- [TO DO]:
The records below need copying. Match each line exactly.

>>>>>

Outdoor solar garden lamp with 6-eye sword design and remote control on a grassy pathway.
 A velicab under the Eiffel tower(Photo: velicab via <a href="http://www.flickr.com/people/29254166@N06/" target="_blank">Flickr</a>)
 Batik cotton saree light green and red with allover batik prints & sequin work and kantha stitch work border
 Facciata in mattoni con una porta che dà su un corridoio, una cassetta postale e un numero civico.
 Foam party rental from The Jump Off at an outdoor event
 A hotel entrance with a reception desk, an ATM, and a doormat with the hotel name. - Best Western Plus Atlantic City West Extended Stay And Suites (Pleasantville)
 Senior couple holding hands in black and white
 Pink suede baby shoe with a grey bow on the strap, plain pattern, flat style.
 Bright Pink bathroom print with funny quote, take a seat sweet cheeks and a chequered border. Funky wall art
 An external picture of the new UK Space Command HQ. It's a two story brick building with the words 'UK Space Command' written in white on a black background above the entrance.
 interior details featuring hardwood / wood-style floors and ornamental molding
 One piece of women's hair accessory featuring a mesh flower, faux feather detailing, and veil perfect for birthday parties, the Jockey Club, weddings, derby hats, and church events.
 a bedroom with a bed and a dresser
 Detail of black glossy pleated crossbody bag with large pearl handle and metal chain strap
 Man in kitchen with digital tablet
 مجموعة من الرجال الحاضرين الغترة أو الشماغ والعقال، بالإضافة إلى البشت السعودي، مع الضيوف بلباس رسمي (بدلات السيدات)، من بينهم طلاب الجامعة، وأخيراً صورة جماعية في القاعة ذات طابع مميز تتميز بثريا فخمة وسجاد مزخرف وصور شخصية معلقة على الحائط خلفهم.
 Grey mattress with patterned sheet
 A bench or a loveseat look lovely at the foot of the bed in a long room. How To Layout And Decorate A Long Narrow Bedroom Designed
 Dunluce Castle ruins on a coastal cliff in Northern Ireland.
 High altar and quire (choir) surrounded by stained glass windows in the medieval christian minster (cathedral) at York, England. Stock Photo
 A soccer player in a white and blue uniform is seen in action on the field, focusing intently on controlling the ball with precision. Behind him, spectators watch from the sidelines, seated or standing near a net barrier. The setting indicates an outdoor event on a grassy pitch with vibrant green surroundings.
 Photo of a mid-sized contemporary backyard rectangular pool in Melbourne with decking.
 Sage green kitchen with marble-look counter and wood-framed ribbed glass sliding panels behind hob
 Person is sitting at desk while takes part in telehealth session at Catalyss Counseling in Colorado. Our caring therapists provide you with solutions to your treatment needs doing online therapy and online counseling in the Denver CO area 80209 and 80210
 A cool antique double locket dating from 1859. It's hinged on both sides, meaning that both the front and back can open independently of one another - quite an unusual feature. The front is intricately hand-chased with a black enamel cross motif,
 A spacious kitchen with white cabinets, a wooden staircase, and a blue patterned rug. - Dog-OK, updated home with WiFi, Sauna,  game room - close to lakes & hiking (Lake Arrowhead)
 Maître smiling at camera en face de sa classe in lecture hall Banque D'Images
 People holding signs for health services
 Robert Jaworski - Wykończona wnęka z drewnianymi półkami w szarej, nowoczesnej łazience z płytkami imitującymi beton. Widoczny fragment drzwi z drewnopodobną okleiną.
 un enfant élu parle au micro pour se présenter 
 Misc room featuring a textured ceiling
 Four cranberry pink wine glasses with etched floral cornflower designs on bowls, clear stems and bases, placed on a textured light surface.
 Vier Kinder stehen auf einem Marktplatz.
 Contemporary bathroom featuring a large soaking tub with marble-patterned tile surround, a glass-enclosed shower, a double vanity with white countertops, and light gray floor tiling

<<<<<

- [EXPECTED ANSWER]:
Outdoor solar garden lamp with 6-eye sword design and remote control on a grassy pathway.
 A velicab under the Eiffel tower(Photo: velicab via <a href="http://www.flickr.com/people/29254166@N06/" target="_blank">Flickr</a>)
 Batik cotton saree light green and red with allover batik prints & sequin work and kantha stitch work border
 Facciata in mattoni con una porta che dà su un corridoio, una cassetta postale e un numero civico.
 Foam party rental from The Jump Off at an outdoor event
 A hotel entrance with a reception desk, an ATM, and a doormat with the hotel name. - Best Western Plus Atlantic City West Extended Stay And Suites (Pleasantville)
 Senior couple holding hands in black and white
 Pink suede baby shoe with a grey bow on the strap, plain pattern, flat style.
 Bright Pink bathroom print with funny quote, take a seat sweet cheeks and a chequered border. Funky wall art
 An external picture of the new UK Space Command HQ. It's a two story brick building with the words 'UK Space Command' written in white on a black background above the entrance.
 interior details featuring hardwood / wood-style floors and ornamental molding
 One piece of women's hair accessory featuring a mesh flower, faux feather detailing, and veil perfect for birthday parties, the Jockey Club, weddings, derby hats, and church events.
 a bedroom with a bed and a dresser
 Detail of black glossy pleated crossbody bag with large pearl handle and metal chain strap
 Man in kitchen with digital tablet
 مجموعة من الرجال الحاضرين الغترة أو الشماغ والعقال، بالإضافة إلى البشت السعودي، مع الضيوف بلباس رسمي (بدلات السيدات)، من بينهم طلاب الجامعة، وأخيراً صورة جماعية في القاعة ذات طابع مميز تتميز بثريا فخمة وسجاد مزخرف وصور شخصية معلقة على الحائط خلفهم.
 Grey mattress with patterned sheet
 A bench or a loveseat look lovely at the foot of the bed in a long room. How To Layout And Decorate A Long Narrow Bedroom Designed
 Dunluce Castle ruins on a coastal cliff in Northern Ireland.
 High altar and quire (choir) surrounded by stained glass windows in the medieval christian minster (cathedral) at York, England. Stock Photo
 A soccer player in a white and blue uniform is seen in action on the field, focusing intently on controlling the ball with precision. Behind him, spectators watch from the sidelines, seated or standing near a net barrier. The setting indicates an outdoor event on a grassy pitch with vibrant green surroundings.
 Photo of a mid-sized contemporary backyard rectangular pool in Melbourne with decking.
 Sage green kitchen with marble-look counter and wood-framed ribbed glass sliding panels behind hob
 Person is sitting at desk while takes part in telehealth session at Catalyss Counseling in Colorado. Our caring therapists provide you with solutions to your treatment needs doing online therapy and online counseling in the Denver CO area 80209 and 80210
 A cool antique double locket dating from 1859. It's hinged on both sides, meaning that both the front and back can open independently of one another - quite an unusual feature. The front is intricately hand-chased with a black enamel cross motif,
 A spacious kitchen with white cabinets, a wooden staircase, and a blue patterned rug. - Dog-OK, updated home with WiFi, Sauna,  game room - close to lakes & hiking (Lake Arrowhead)
 Maître smiling at camera en face de sa classe in lecture hall Banque D'Images
 People holding signs for health services
 Robert Jaworski - Wykończona wnęka z drewnianymi półkami w szarej, nowoczesnej łazience z płytkami imitującymi beton. Widoczny fragment drzwi z drewnopodobną okleiną.
 un enfant élu parle au micro pour se présenter 
 Misc room featuring a textured ceiling
 Four cranberry pink wine glasses with etched floral cornflower designs on bowls, clear stems and bases, placed on a textured light surface.
 Vier Kinder stehen auf einem Marktplatz.
 Contemporary bathroom featuring a large soaking tub with marble-patterned tile surround, a glass-enclosed shower, a double vanity with white countertops, and light gray floor tiling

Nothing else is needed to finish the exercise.